Listed records:
-- Opening Marker --

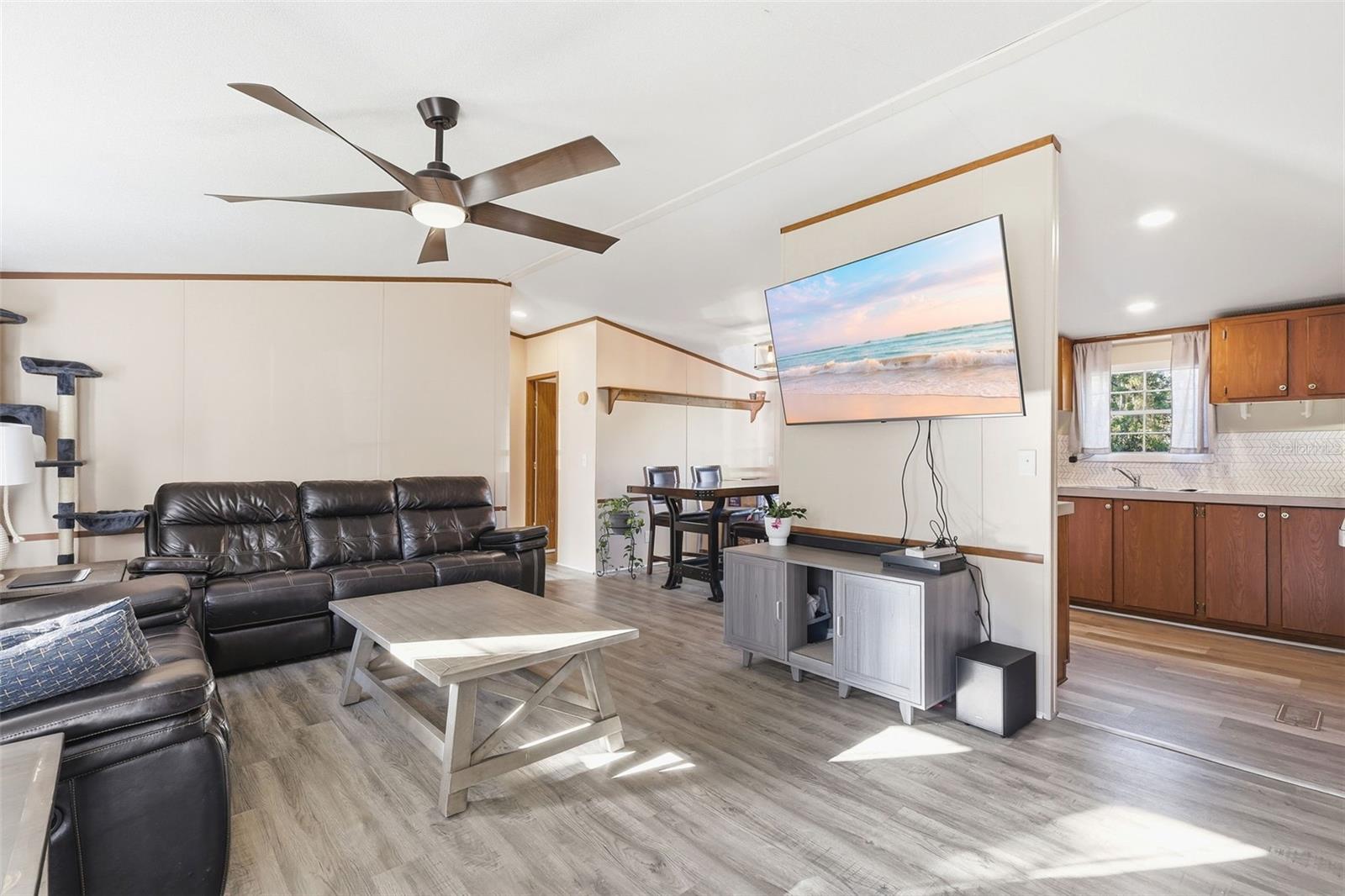 Listing photo id 2 for 106 Browns Road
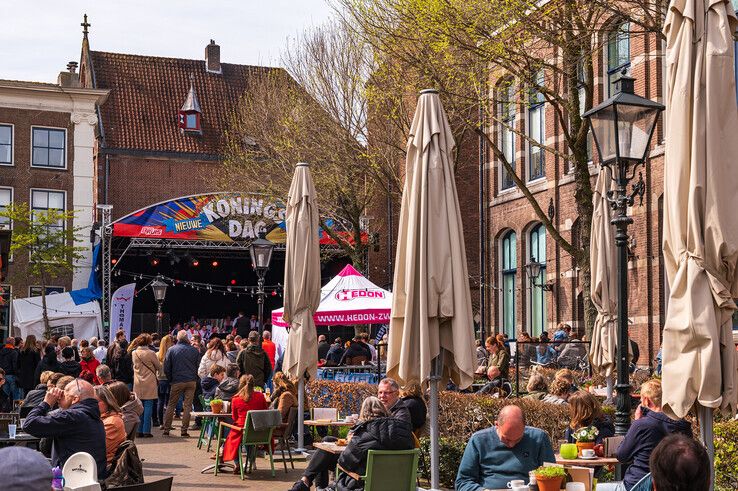 In beeld: Koningsdag in Zwolle officieel geopend door burgemeester, gezellige drukte in binnenstad - Foto: Peter Denekamp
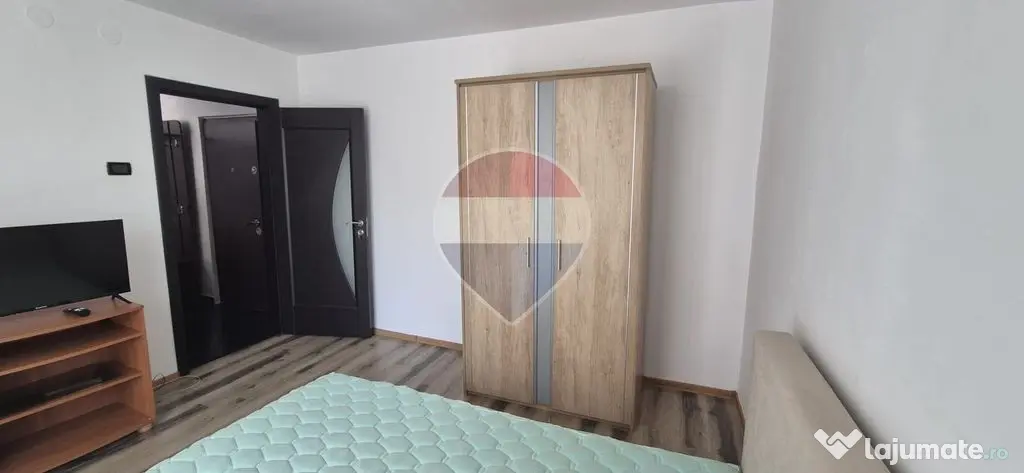Garsonieră modernă | Centrală Piatra-Neamț | Mobilat?...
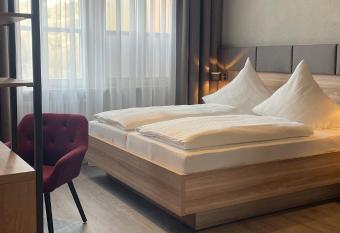 Hotel Das Bischof allows 18 year olds to book a room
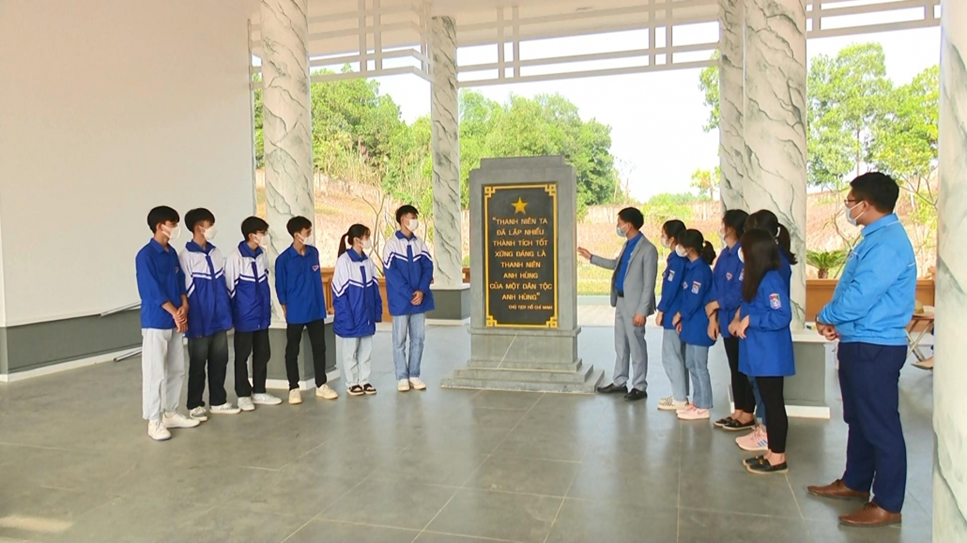 Công tác phát triển đảng viên trong các trường đại học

-- Closing Marker --

Work item: Please transcribe exactly the line containing "Garsonieră modernă |" and every later line through the end of the records above, omitting pictures.

Response below:
Garsonieră modernă | Centrală Piatra-Neamț | Mobilat?...
 Hotel Das Bischof allows 18 year olds to book a room
 Công tác phát triển đảng viên trong các trường đại học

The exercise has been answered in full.